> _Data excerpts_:
┌──

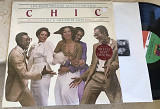 Chic – Les Plus Grands Succes De Chic (Chic's Greatest Hits) ( USA ) LP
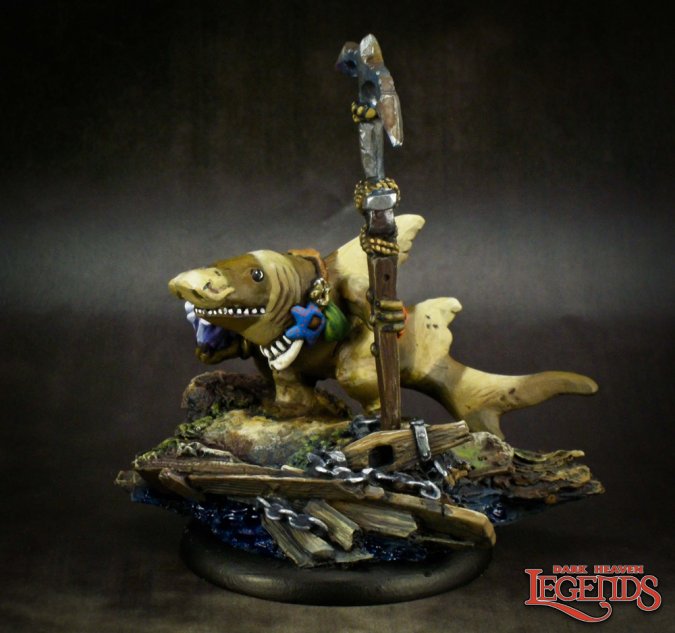 03642 Karkarion Nurse Shark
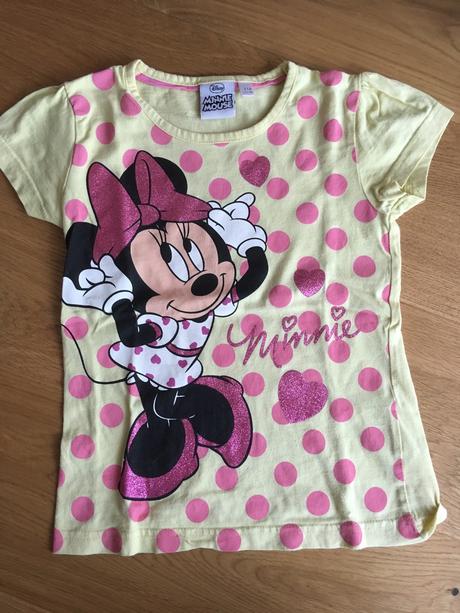 Krásne minnie tričko, disney,116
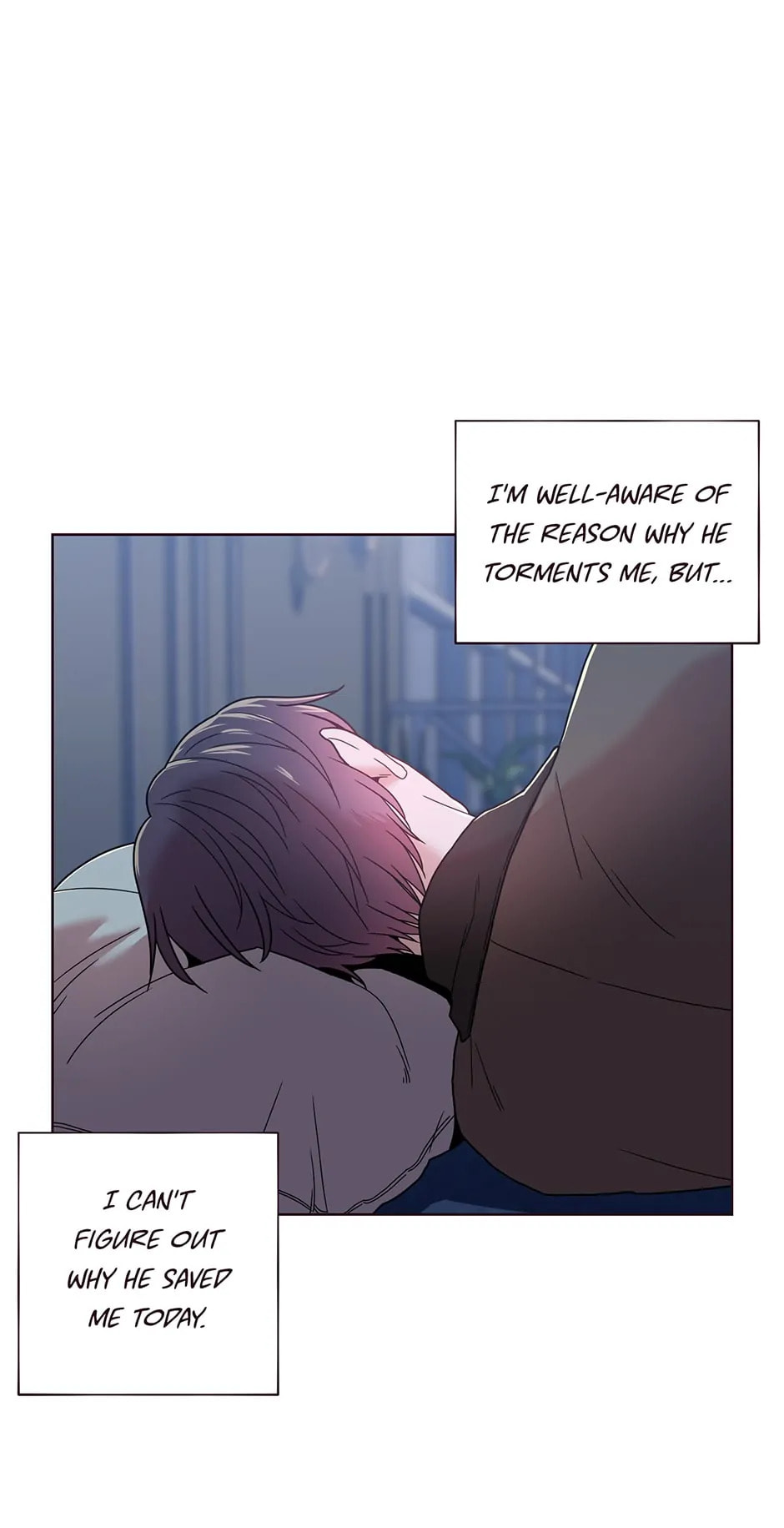 Read Falling Down chapter 15 image 39 on Lezhin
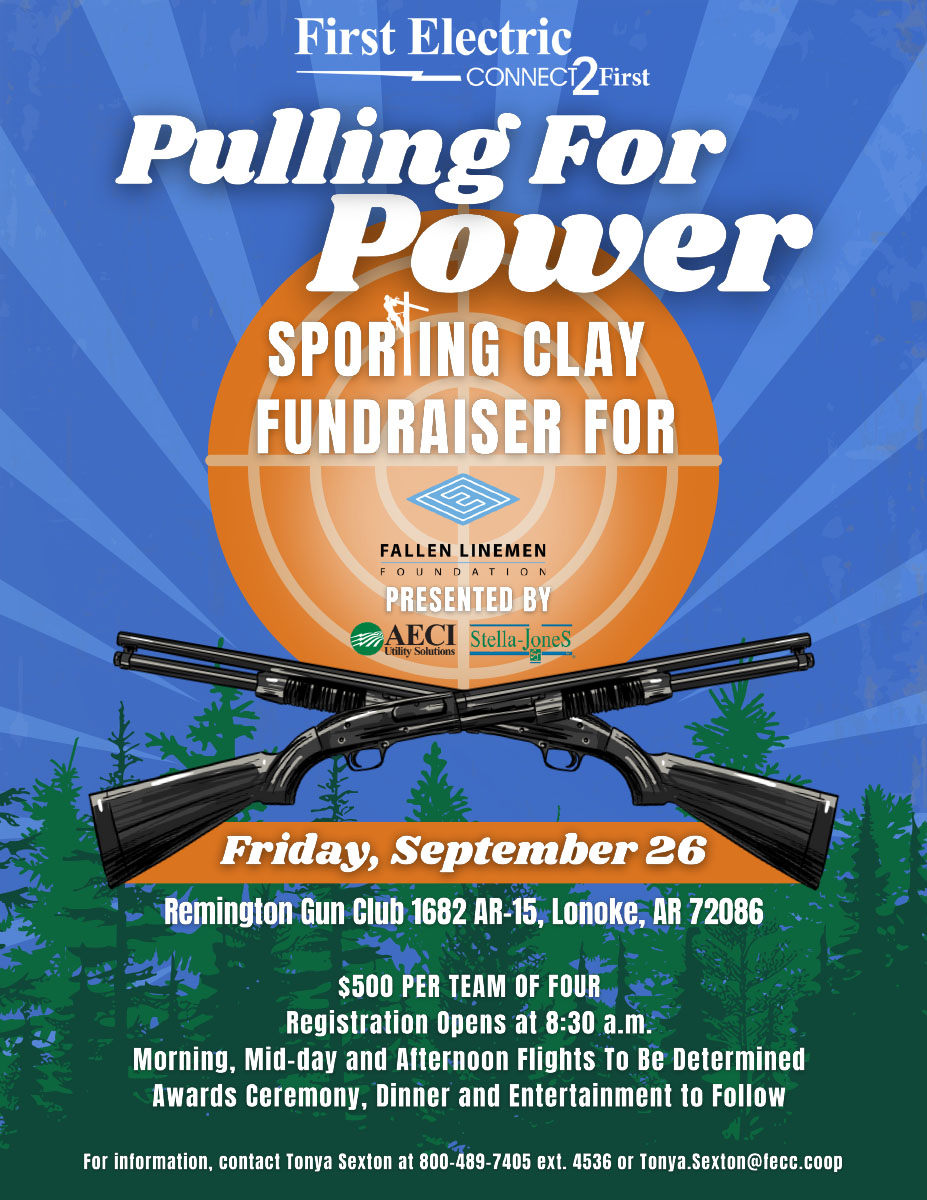 2025 Pulling for Power Sponsorship Packet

└──

> _Exercise brief_:
Quote exactly, and nothing besides, the lines from the one with "Krásne minnie tričko, disney,116" through the end of the records above; include both ends and omit the pictures.

> _Written response_:
 Krásne minnie tričko, disney,116
 Read Falling Down chapter 15 image 39 on Lezhin
 2025 Pulling for Power Sponsorship Packet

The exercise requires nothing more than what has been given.